International Design Applications under Hague Agreement
1. Hague Agreement
The Hague Agreement is an international application/registration system under which protection for industrial designs can be obtained in designated countries by mean of a single international application filed with the International Bureau of the World Intellectual Property Organization (WIPO), Therefore, the Hague Agreement allows integration of application procedures carried out in different countries.
As of July 2016, 62 countries including Japan, EU, South Korea, and the US and intergovernmental authorities have acceded to the Hague Agreement, while accession of China, Canada, Russia, and ASEAN countries (except for Singapore and Brunei, which have already conceded to the Agreement) are still under consideration. Japan's accession to the Hague Agreement was come into effect on May 13, 2015.

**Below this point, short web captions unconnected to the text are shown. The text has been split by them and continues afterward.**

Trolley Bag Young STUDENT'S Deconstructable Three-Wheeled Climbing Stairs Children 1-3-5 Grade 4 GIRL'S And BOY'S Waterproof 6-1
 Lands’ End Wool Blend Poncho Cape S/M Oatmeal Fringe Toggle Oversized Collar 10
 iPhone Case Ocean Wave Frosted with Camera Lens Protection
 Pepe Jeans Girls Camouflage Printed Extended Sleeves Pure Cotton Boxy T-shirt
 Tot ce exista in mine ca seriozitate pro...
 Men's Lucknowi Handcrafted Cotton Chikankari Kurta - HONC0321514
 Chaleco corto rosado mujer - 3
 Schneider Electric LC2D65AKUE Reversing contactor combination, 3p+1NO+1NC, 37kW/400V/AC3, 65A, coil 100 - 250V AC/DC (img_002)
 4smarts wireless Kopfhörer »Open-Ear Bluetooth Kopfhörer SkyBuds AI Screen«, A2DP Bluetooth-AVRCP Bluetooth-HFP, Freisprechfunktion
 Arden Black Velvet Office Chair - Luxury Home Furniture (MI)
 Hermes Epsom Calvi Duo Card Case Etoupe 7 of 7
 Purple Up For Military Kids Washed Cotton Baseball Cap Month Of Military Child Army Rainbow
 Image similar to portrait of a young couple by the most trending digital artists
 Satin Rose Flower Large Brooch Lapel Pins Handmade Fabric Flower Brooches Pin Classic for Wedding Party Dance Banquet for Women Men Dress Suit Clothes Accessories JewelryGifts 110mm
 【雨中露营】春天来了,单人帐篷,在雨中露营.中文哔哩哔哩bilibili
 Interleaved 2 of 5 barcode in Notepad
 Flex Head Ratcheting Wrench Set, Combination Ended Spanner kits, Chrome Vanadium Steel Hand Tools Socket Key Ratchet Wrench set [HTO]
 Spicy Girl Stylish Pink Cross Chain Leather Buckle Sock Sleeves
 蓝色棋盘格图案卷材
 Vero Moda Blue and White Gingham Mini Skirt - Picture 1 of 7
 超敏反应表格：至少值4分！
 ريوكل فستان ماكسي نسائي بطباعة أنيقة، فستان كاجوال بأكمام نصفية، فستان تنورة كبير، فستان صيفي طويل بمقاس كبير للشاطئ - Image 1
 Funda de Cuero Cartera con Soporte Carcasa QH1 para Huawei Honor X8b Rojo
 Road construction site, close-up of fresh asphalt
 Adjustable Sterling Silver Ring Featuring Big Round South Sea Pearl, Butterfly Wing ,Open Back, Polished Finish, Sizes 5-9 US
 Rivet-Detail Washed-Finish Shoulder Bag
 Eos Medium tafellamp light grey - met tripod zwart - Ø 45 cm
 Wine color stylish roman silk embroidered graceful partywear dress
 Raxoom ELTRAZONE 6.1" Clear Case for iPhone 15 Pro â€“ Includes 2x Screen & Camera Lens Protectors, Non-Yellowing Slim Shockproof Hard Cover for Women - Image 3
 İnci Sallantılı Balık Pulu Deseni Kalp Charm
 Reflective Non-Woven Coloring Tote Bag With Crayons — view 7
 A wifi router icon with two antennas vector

The number of international design applications has been increasing (12,454 applications in 2012, 13,172 applications in 2013, 14,441 applications in 2014, and 16,435 applications in 2015), and 411 applications were filed from Japan in 2015.
(From JPO: "Direction of Japan’s accession to the Geneva Act of the Hague Agreement (proposal)" (2012))
* "The Locarno Agreement" is an agreement defining establishment of International Classification for Industrial Designs, procedures for amendments and additions thereto, etc. In Japan, the Locarno Agreement came into effect on September 24, 2014. As of September 2014, 54 countries (including Japan) have acceded to the Locarno Agreement.
2. Flow of International Application/Registration Procedure under Hague Agreement
(From WIPO: "2013 Hague Yearly Review")
An applicant files, with the International Bureau of WIPO, a single application indicating an industrial design(s) for which protection is sought, countries where protection is sought, and so on (the application can be also filed with the JPO, with additional fees of 3,500 yen).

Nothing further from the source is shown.